Tom Krazit Former Staff writer, CNET News
Tom Krazit writes about the ever-expanding world of Google, as the most prominent company on the Internet defends its search juggernaut while expanding into nearly anything it thinks possible. He has previously written about Apple, the traditional PC industry, and chip companies. E-mail Tom.
Tom Krazit
Google is seeking users of Netbooks, such as Asus' Eee PC, for a usability study. Asus

Google is soliciting Netbook users for a usability study, as rumors of Android-powered Netbooks continue to grow.

Google posted an ad on Craigslist Thursday afternoon seeking Netbook users to participate in a Google-hosted study on Netbook usability next week.

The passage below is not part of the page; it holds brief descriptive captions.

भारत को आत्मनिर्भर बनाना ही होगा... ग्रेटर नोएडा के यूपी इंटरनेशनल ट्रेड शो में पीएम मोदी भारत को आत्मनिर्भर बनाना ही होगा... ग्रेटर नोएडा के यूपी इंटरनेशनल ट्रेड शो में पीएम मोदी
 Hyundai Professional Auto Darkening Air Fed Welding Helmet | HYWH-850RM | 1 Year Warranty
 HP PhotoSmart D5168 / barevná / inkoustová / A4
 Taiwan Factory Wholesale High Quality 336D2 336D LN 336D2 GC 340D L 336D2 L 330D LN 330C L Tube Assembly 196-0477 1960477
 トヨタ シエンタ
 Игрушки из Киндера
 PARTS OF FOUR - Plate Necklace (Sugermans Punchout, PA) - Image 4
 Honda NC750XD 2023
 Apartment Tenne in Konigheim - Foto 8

The company plans to ask participants to sign a non-disclosure agreement, and it will pay them $75 in American Express gift checks for an hour of their time.

On Thursday, CEO Eric Schmidt would not confirm persistent rumors that various PC companies are studying the use of Google's mobile operating system Android on Netbooks. But he did say that "the Netbook phenomenon looks very real," and that Google needs to make sure its various Web services work on Netbooks as those devices grow.

It appears the company is designing new Netbook-friendly applications that appeal to that subset of PC users, or improving existing ones to work on computers with a screen size in between that of a smartphone and laptop. In addition, although Google said right from the start that Android was not an operating system designed exclusively for phones, it might need a few tweaks to be Netbook-friendly.